Hi,
I’m running julia on our clusters. At the moment, the user $HOMES are shared between 2 clusters, as they new one is phased in.
Now I’d like to run MPI applications in this configuration. For convenience, I’m using MPItrampoline: GitHub - eschnett/MPItrampoline: A forwarding MPI implementation that can use any other MPI implementation via an MPI ABI
I instantiate a small project and can run MPI programs on the old cluster:
rkube@nid00009:~/julia_envs/xgc_analysis_cori> cat Project.toml
name = "xgc_analysis_cori"
uuid = "b1d4e0b1-884e-40f9-9bb8-eab53f6d8b80"
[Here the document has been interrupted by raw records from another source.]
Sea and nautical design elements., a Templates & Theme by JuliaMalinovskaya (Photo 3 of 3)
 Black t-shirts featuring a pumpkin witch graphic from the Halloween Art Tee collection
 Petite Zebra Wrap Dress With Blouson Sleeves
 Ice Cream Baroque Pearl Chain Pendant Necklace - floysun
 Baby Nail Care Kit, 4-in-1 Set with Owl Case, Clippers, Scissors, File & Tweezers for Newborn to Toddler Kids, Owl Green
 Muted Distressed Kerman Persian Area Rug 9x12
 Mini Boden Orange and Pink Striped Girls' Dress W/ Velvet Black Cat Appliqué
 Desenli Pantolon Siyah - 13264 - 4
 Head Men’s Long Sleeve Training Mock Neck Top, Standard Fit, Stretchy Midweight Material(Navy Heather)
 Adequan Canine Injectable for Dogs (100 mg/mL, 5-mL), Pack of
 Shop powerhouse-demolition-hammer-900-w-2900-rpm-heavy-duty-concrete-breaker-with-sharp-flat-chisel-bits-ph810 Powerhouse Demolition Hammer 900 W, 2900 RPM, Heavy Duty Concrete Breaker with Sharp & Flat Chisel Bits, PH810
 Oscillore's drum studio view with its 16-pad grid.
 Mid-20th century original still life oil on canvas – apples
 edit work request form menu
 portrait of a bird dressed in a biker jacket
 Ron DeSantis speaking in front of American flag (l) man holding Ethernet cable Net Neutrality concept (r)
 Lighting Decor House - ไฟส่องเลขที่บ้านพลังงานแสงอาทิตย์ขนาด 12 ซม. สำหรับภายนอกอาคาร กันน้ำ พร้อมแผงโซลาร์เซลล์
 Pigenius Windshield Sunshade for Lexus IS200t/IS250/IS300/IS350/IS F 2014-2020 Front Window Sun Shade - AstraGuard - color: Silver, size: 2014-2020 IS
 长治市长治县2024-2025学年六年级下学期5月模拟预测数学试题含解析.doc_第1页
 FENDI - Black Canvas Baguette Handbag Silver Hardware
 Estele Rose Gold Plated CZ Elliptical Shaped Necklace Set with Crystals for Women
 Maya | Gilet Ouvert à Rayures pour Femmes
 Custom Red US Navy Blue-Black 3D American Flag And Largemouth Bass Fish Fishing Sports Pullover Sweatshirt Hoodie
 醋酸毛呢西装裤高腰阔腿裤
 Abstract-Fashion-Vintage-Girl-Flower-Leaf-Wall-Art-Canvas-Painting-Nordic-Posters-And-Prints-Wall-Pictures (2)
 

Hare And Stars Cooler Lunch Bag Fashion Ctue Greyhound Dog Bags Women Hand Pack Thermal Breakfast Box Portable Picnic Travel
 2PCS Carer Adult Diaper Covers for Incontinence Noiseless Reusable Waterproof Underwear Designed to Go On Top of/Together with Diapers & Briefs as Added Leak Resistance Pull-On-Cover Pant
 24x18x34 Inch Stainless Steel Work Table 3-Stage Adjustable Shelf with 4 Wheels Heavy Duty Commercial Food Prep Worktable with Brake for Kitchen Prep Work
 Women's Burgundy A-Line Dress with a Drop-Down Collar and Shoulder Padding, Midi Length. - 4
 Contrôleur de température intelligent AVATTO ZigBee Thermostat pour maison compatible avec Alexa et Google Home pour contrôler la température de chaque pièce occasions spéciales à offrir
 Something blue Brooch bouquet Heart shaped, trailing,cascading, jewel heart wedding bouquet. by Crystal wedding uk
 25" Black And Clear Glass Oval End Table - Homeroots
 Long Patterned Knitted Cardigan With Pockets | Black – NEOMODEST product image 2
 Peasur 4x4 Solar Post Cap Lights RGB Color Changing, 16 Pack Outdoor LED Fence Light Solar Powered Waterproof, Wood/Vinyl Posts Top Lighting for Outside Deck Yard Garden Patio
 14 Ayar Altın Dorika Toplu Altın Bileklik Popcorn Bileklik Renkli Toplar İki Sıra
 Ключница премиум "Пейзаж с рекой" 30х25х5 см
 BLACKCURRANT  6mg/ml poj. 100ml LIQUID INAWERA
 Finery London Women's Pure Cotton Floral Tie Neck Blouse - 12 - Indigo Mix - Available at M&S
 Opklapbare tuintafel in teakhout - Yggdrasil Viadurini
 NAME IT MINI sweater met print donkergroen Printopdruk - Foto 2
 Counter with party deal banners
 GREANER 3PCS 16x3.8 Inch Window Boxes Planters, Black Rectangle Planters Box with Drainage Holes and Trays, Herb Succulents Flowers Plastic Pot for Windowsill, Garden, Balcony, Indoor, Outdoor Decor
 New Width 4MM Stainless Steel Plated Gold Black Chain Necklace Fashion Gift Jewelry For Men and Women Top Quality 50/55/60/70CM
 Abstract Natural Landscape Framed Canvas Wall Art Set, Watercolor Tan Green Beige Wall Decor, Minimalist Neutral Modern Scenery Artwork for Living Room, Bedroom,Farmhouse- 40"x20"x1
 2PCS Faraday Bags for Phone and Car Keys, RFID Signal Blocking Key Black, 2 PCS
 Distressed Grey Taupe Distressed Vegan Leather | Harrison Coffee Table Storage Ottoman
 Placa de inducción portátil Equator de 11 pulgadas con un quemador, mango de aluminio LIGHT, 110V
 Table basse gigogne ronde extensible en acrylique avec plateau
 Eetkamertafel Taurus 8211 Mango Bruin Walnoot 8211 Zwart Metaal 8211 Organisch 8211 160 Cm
authors = ["Ralph Kube <ralph_kube@gmx.net>"]
version = "0.1.0"
[deps]
ADIOS2 = "e0ce9d3b-0dbd-416f-8264-ccca772f60ec"
MPI = "da04e1cc-30fd-572f-bb4f-1f8673147195"
[extras]
MPIPreferences = "3da0fdf6-3ccc-4f1b-acd9-58baa6c99267"
rkube@nid00009:~/julia_envs/xgc_analysis_cori> ls
LocalPreferences.toml Manifest.toml Project.toml src
rkube@nid00009:~/julia_envs/xgc_analysis_cori> cat src/01-mpi-hello.jl
# examples/01-hello.jl
using MPI
MPI.Init()
comm = MPI.COMM_WORLD
print("Hello world, I am rank $(MPI.Comm_rank(comm)) of $(MPI.Comm_size(comm))\n")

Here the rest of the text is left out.